I can talk to my widowed friends about Mike, I can remember things with them, I can tell them stories, but nothing can really and truly adequately describe how it was. So as I move forward now I find I am basically, and constantly, just sharing with myself.
My life is different now. Over three years it’s been, since he left us. I can hardly believe that much time has really gone by. But the missing him, and our life together, will never end. We all talk about this a lot, the fact that grief is a never-ending process. We all know now that we will need to somehow learn to live with it. And we all do that in our own ways, and in our own time.
Every time I drive his truck I remember what it felt like to ride passenger with him driving; how he would exclaim joyfully about the beautiful place we live in, how he would always be trying to talk me into stopping somewhere for lunch.
Every time I reach for a spoon in my kitchen I remember how he preferred to use this one rather than that one; his favorite mug, the set of plates he brought into our marriage. I see him in my mind’s eye, standing next to the sink, tinkering with some gadget. I hear him calling to me from his bedroom. I sadly remember all his things scattered in his bathroom, things that are all gone now.
When I was in California last week I visited some friends of mine, one of whom is a costume designer I had given Mike’s aloha shirts to for a tapestry project she offered to do. I hadn’t seen his shirts in three years. When I walked into her studio and saw what she had done with them I started sobbing. There are many people who remember Mike in his favorite shirts, but only I remember how often I touched them, how often I washed them, hung them in his closet, picked them up off his floor…how often I sat quietly with him in the evening on our lanai, those familiar, bright patterns dancing in front of my eyes. I sometimes see people walking around town here wearing a shirt of the same pattern he wore and it always gives me a start.
But it’s not even all of that. It’s the in-between times. The quiet moments…just the feeling of being married to him, the spirit of our partnership…those details that are so hard to put into words at all.
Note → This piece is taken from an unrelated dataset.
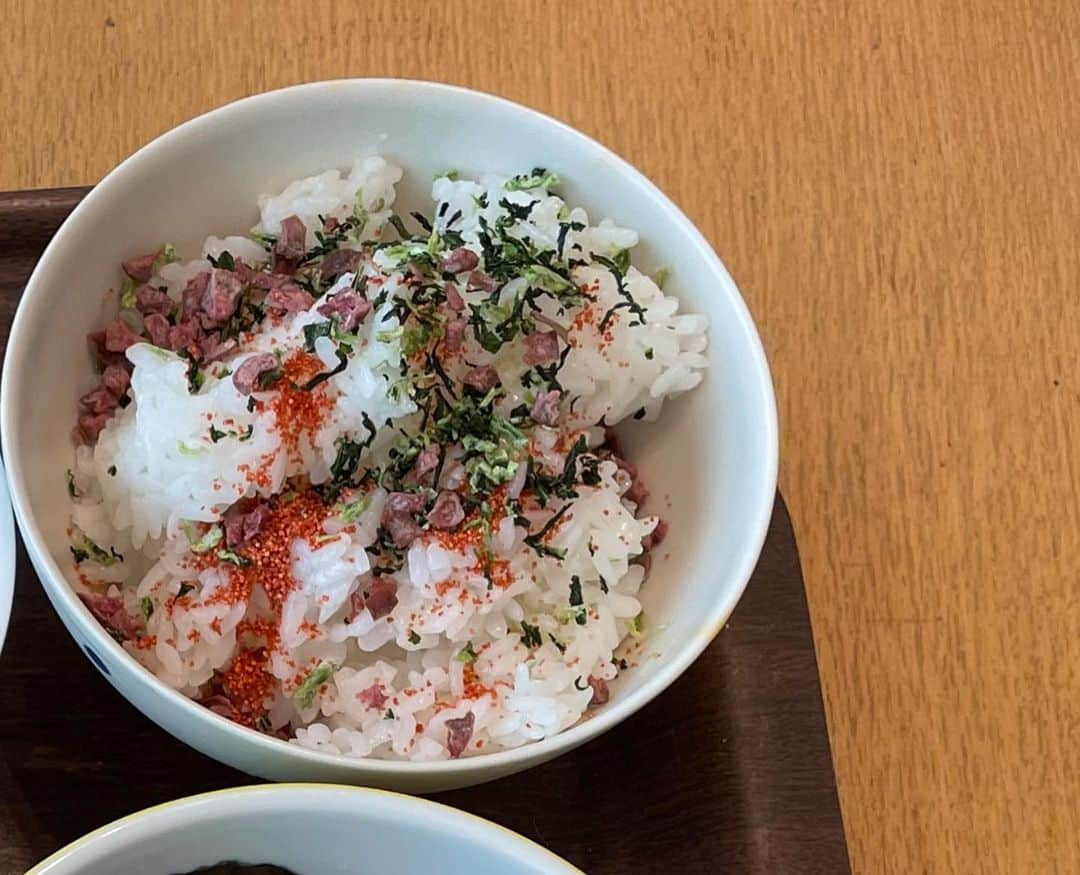 水谷千重子さんのインスタグラム写真 - (水谷千重子Instagram)「おはよう御座いました✌️ 朝ご飯たべますわ😋 メニューはじっと見なくていいですわよ😅 あかりうめこひろしをジョインさせました🤣🤣🤣 そして愛媛の柑橘最高に美味しい クィーンスプラッシュ🍊 贅沢に１つまるごと頂きます🙇‍♀️ #クィーンスプラッシュ #朝ごはん #切らない卵焼き #ジョイン #松山揚げ」2月23日 8時47分 - mizutanichieko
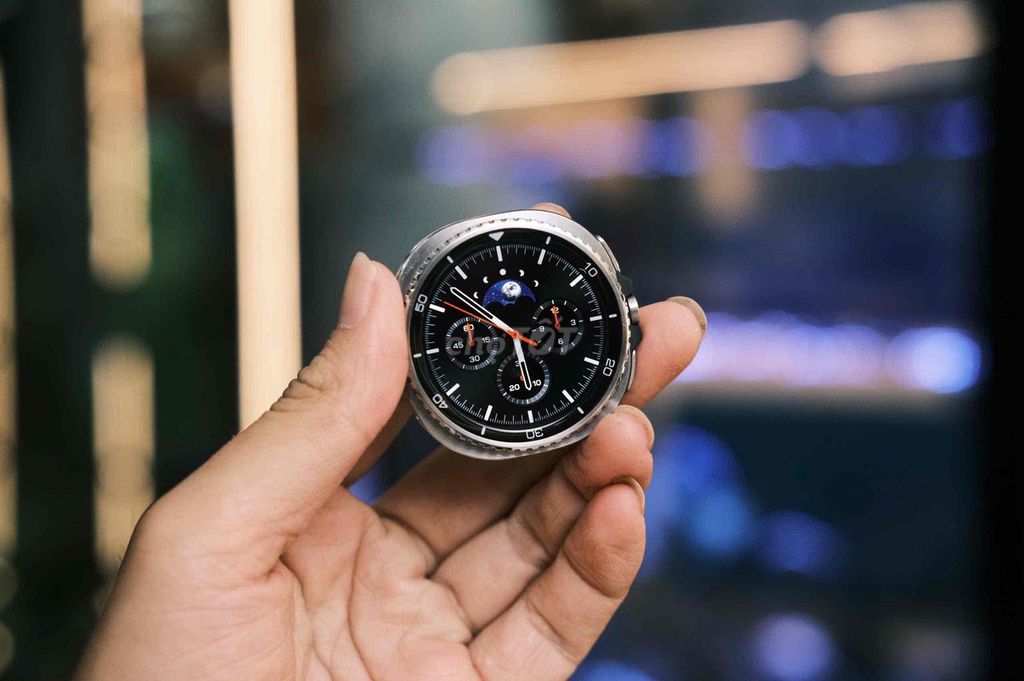 Samsung Galaxy Watch8 Classic Đen 46mm đẹp 99%. Mua bán Thiết bị đeo thông minh tại Quận Bình Thạnh Tp Hồ Chí Minh được đăng bởi Vân Anh 2Tech House hình 1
Those intimate, personal, indescribable and fleeting moments we shared. The spirit of him, the essence of who he was and how we related to each other.
If he were still alive I would not be doing the things I’m doing now. I would not be with my musician boyfriend. I would not be thinking about moving off this island. If he were still alive I would not know anything about grief like I do now. I would not really understand how precious every moment was. I would be seeing a very different world through my eyes, and envisioning a very different future.
I still feel married to him, strangely, even though he’s dead. I will always feel that I think, which is kind of a hard thing to describe to non-widowed people, especially in terms of other relationships. He’s still my husband, even though he’s not around.
I can write down words, but those memories and feelings that are unique to me and my dead husband will only ever really be shared and understood within my own heart. And someday, they will die with me too.